## Stored data

************

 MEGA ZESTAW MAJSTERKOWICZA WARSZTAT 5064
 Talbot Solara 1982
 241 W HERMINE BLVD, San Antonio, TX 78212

************

## What to do
Return all of the data precisely as it appears.

## Answer for the task
 MEGA ZESTAW MAJSTERKOWICZA WARSZTAT 5064
 Talbot Solara 1982
 241 W HERMINE BLVD, San Antonio, TX 78212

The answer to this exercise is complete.